Question

find $\frac{dy}{dx}$ for $y = \frac{sin x}{cos^{2}x}$. $\frac{dy}{dx}=square$

Explanation:

Step1: Apply quotient - rule

The quotient - rule states that if $y=\frac{u}{v}$, then $\frac{dy}{dx}=\frac{u'v - uv'}{v^{2}}$. Here, $u = \sin x$, $u'=\cos x$, $v=\cos^{2}x$, and $v'=- 2\cos x\sin x$.

Step2: Substitute values into quotient - rule

$\frac{dy}{dx}=\frac{\cos x\cdot\cos^{2}x-\sin x\cdot(-2\cos x\sin x)}{\cos^{4}x}$.

Step3: Simplify the numerator

$\cos x\cdot\cos^{2}x-\sin x\cdot(-2\cos x\sin x)=\cos^{3}x + 2\sin^{2}x\cos x$.

Step4: Factor out $\cos x$ from the numerator

$\cos^{3}x + 2\sin^{2}x\cos x=\cos x(\cos^{2}x + 2\sin^{2}x)$.

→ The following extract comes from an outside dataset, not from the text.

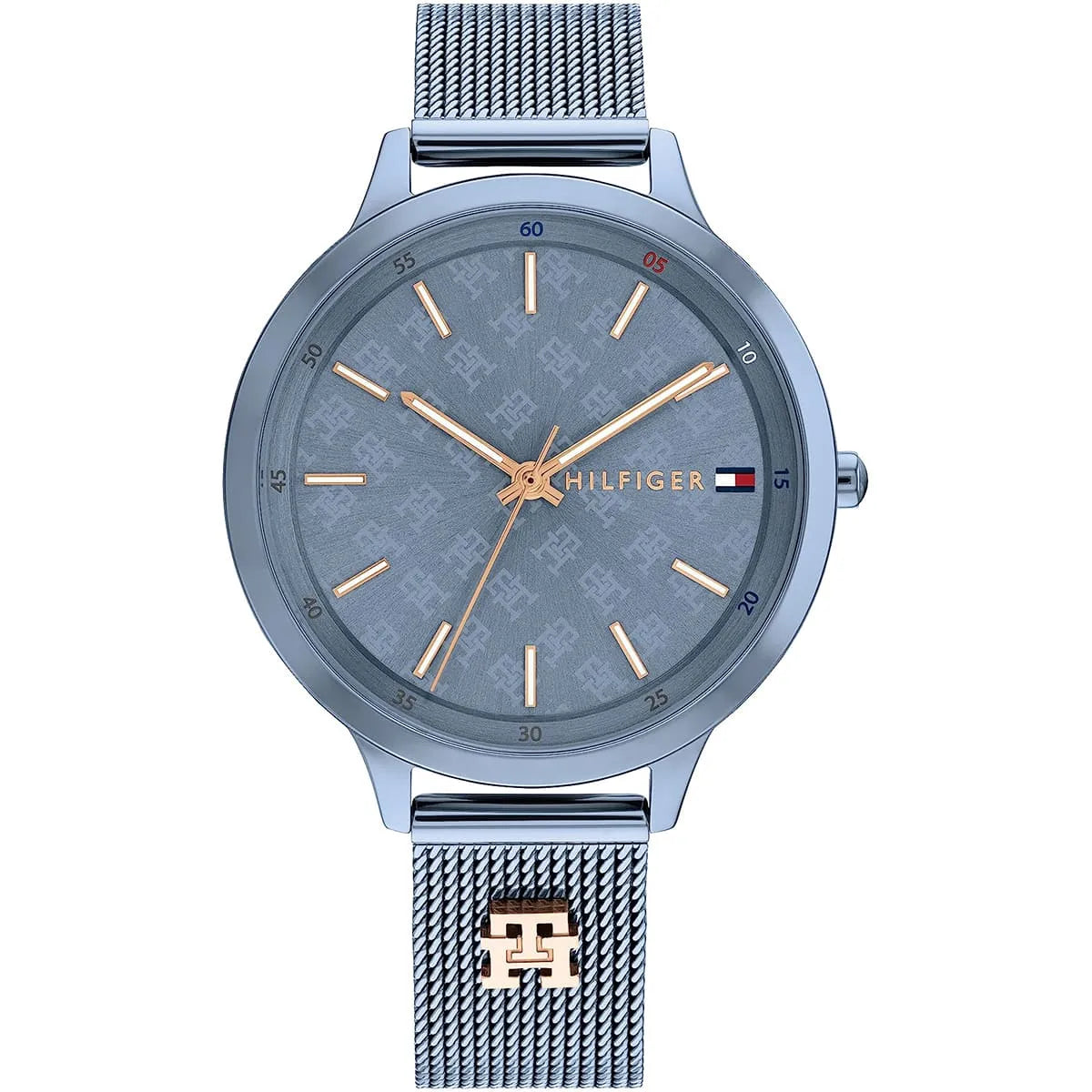 Tommy Hilfiger Iris 1782589 Slate Blue Mesh Rose Gold Accents Women's Watch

Step5: Use the identity $\sin^{2}x+\cos^{2}x = 1$

$\frac{\cos x(\cos^{2}x + 2\sin^{2}x)}{\cos^{4}x}=\frac{\cos^{2}x+2\sin^{2}x}{\cos^{3}x}=\frac{\cos^{2}x+\sin^{2}x+\sin^{2}x}{\cos^{3}x}=\frac{1 + \sin^{2}x}{\cos^{3}x}$.

Answer:

$\frac{1+\sin^{2}x}{\cos^{3}x}$